Exercise goal
Only the text of the records belongs in the answer, copied exactly, with every picture omitted.

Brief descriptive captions
_ _ _ _ _ _ _
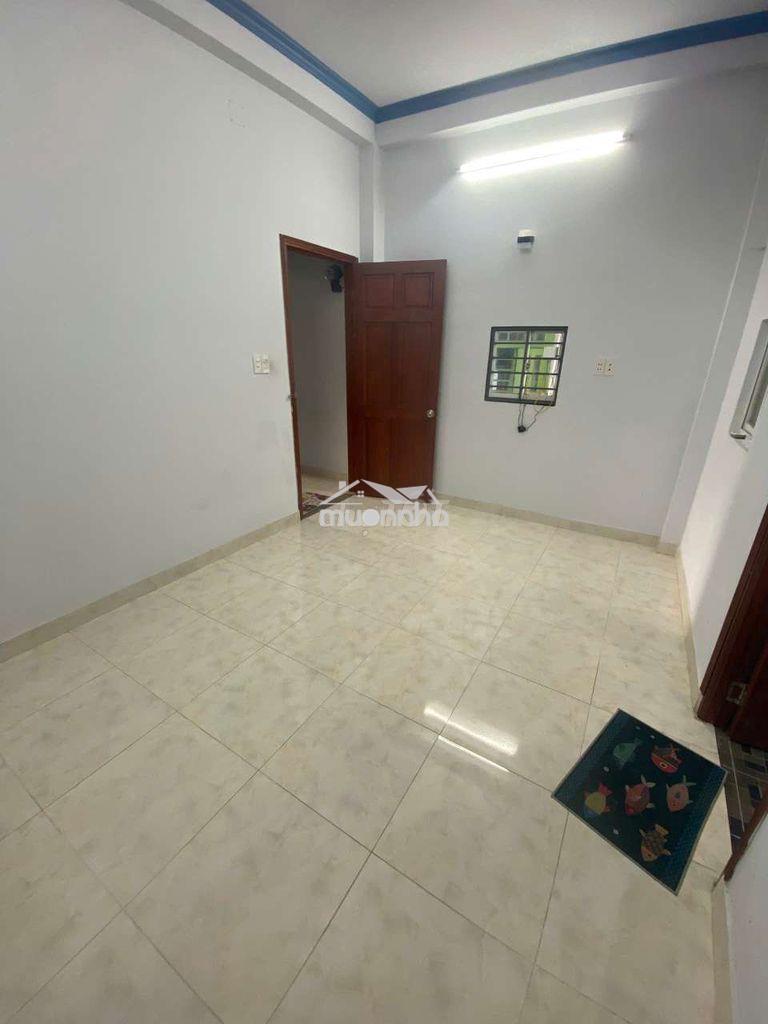 Cho thuê phòng trọ trong nhà nguyên căn ở bình tân, tp hồ chí minh. - Ảnh 2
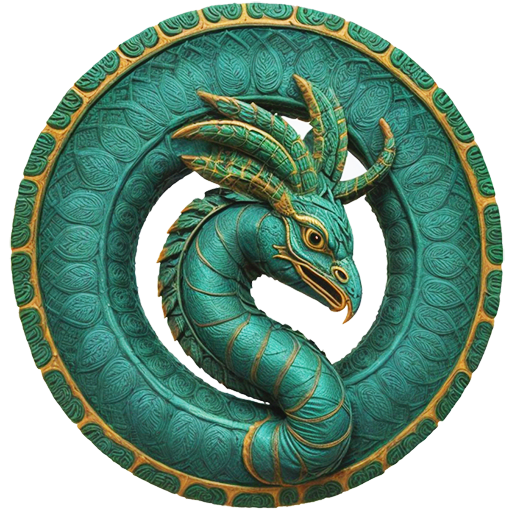 Drachenreiter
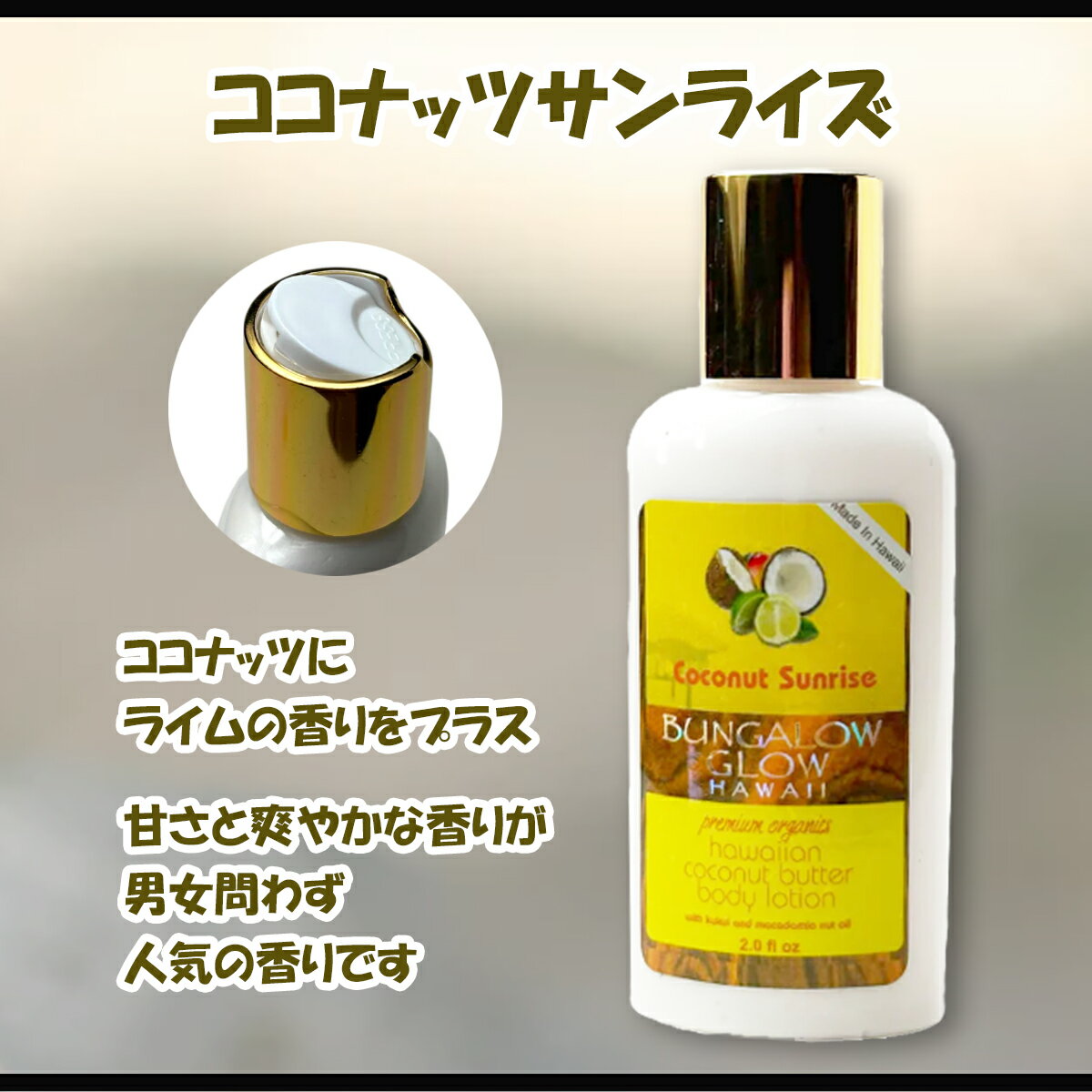 Pick the Hawaii bubble ...の紹介画像2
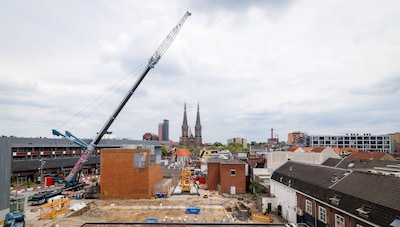 Image related to the article
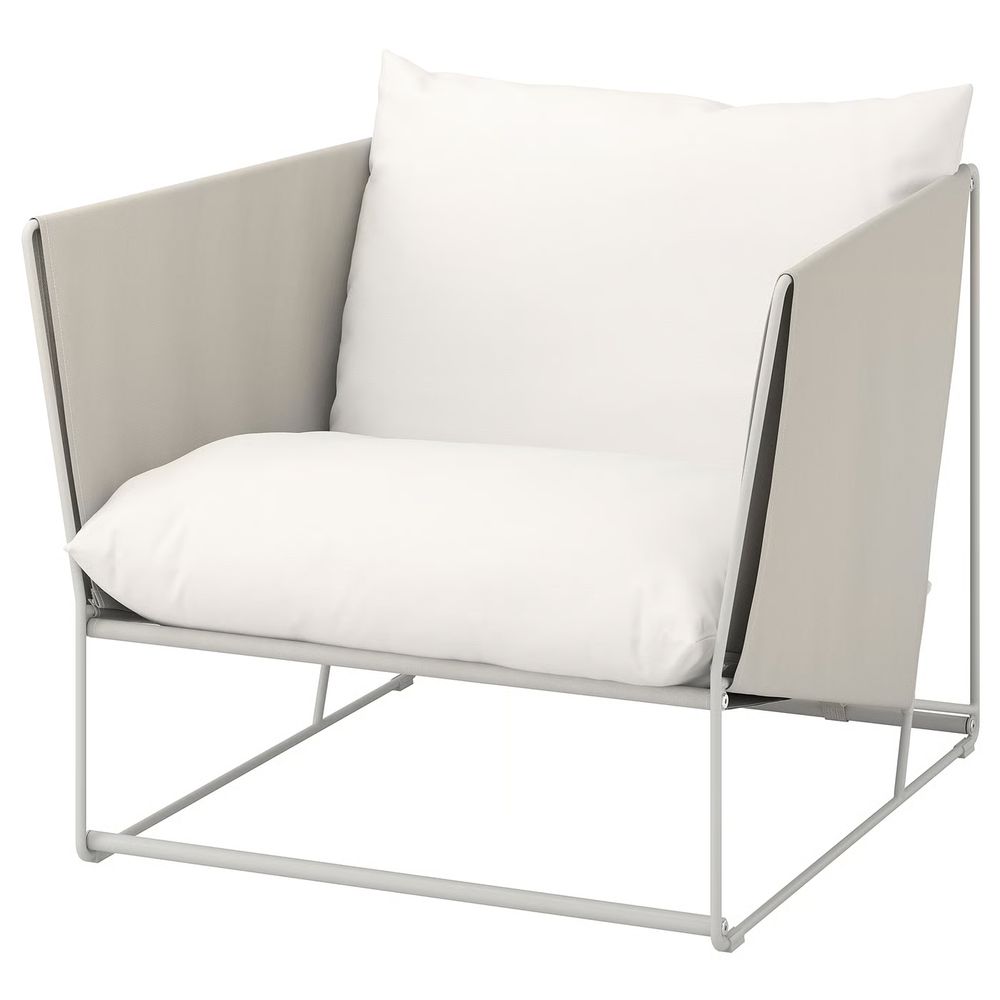 IKEA в интерьере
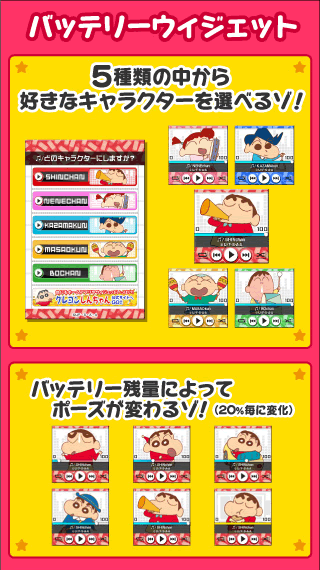 �������זh�q��2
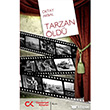 Tarzan ld Cumhuriyet Kitaplar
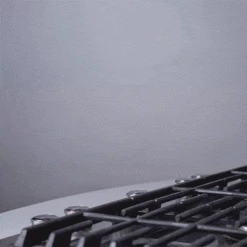 JIA Inc. Steamer II -Food Sale Stores jia inc steamer ii counterpoint 28233049964601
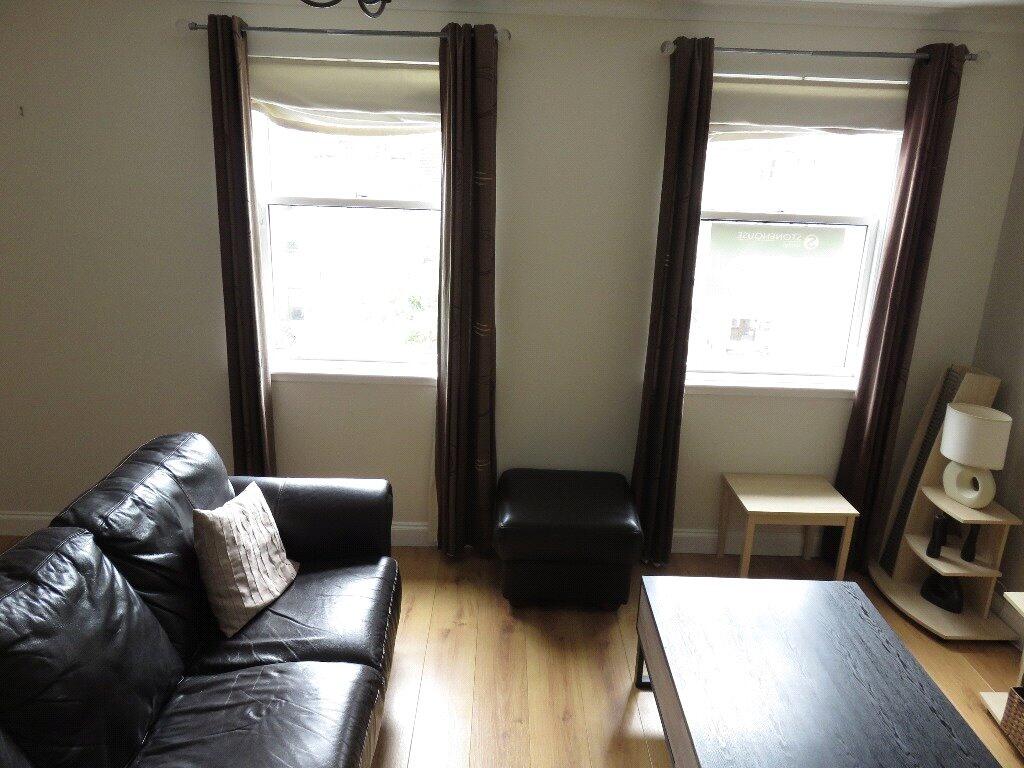 Additional image 6 of Millside Terrace, Peterculter, Aberdeen, AB14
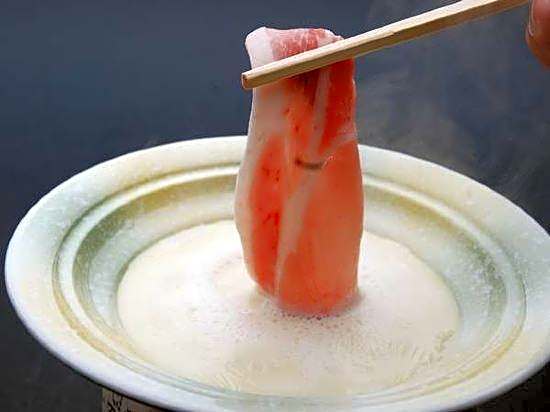 Nakamasu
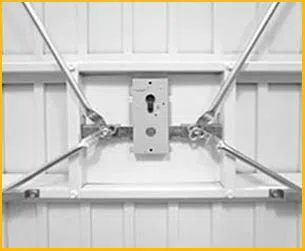 North Point MO Locksmith Store St. Louis, MO 314-266-0175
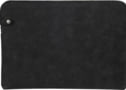 Product image of 00216596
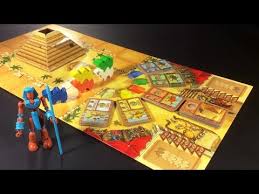 Simple way to read / download camel in action, 2nd edition by claus ibsen in pdf, epub, mobi, kindle ebook and other supported formats. Camel Up Board Game Boardgamegeek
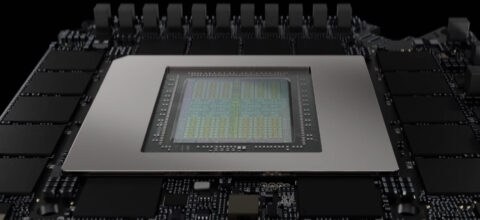 NVIDIA GeForce RTX 5080 trang bị 30Gbps GDDR7 từ nhiều đối tác, bắt đầu với Samsung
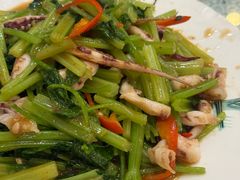 -潮汕铺老店(甜水井店)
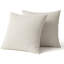 Housse de coussin Cozy 2 pièces-2059397526-2059397614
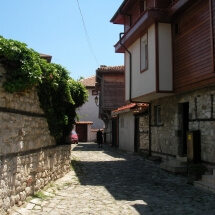 SANYO DIGITAL CAMERA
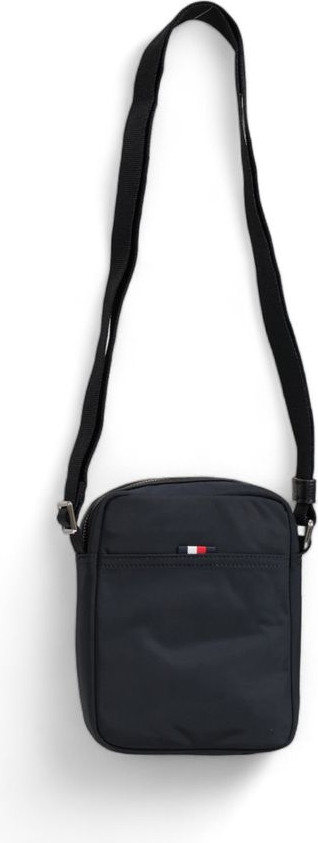 Сумка Tommy Hilfiger Осень/Зима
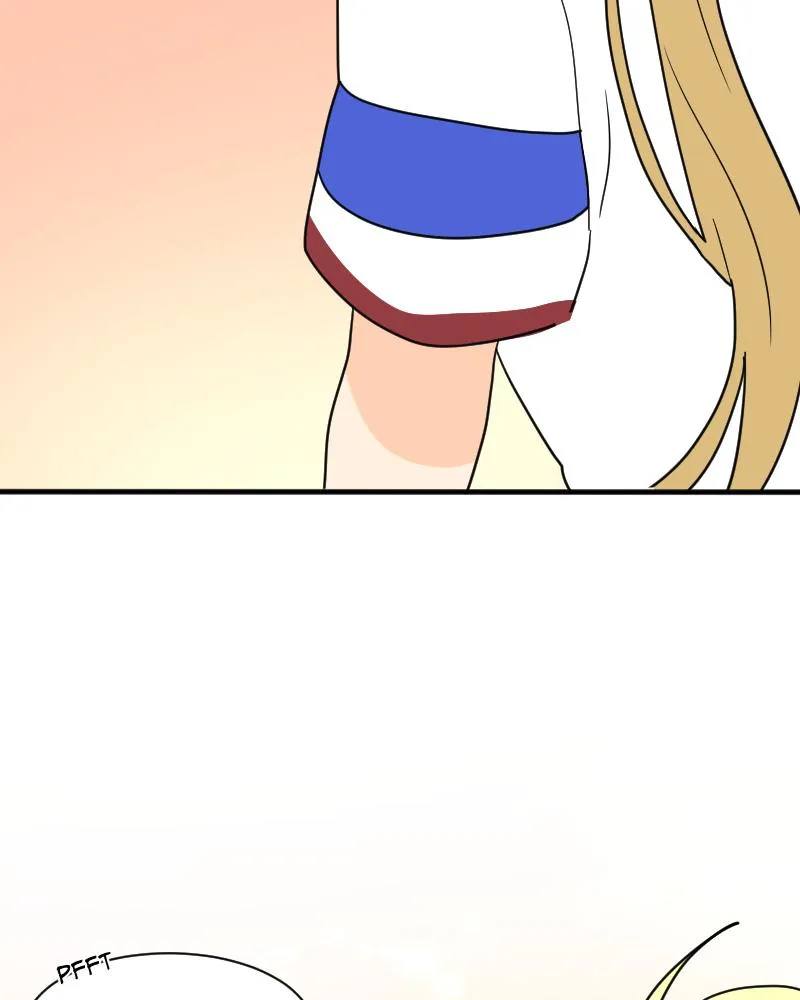 Truyện Ngôn Nhưng Không Ngôn Lắm Chapter 18 Trang 112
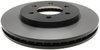 Coated Front Di (B) - image 2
_ _ _ _ _ _ _
Reply
 Cho thuê phòng trọ trong nhà nguyên căn ở bình tân, tp hồ chí minh. - Ảnh 2
 Drachenreiter
 Pick the Hawaii bubble ...の紹介画像2
 Image related to the article
 IKEA в интерьере
 �������זh�q��2
 Tarzan ld Cumhuriyet Kitaplar
 JIA Inc. Steamer II -Food Sale Stores jia inc steamer ii counterpoint 28233049964601
 Additional image 6 of Millside Terrace, Peterculter, Aberdeen, AB14
 Nakamasu
 North Point MO Locksmith Store St. Louis, MO 314-266-0175
 Product image of 00216596
 Simple way to read / download camel in action, 2nd edition by claus ibsen in pdf, epub, mobi, kindle ebook and other supported formats. Camel Up Board Game Boardgamegeek
 NVIDIA GeForce RTX 5080 trang bị 30Gbps GDDR7 từ nhiều đối tác, bắt đầu với Samsung
 -潮汕铺老店(甜水井店)
 Housse de coussin Cozy 2 pièces-2059397526-2059397614
 SANYO DIGITAL CAMERA
 Сумка Tommy Hilfiger Осень/Зима
 Truyện Ngôn Nhưng Không Ngôn Lắm Chapter 18 Trang 112
 Coated Front Di (B) - image 2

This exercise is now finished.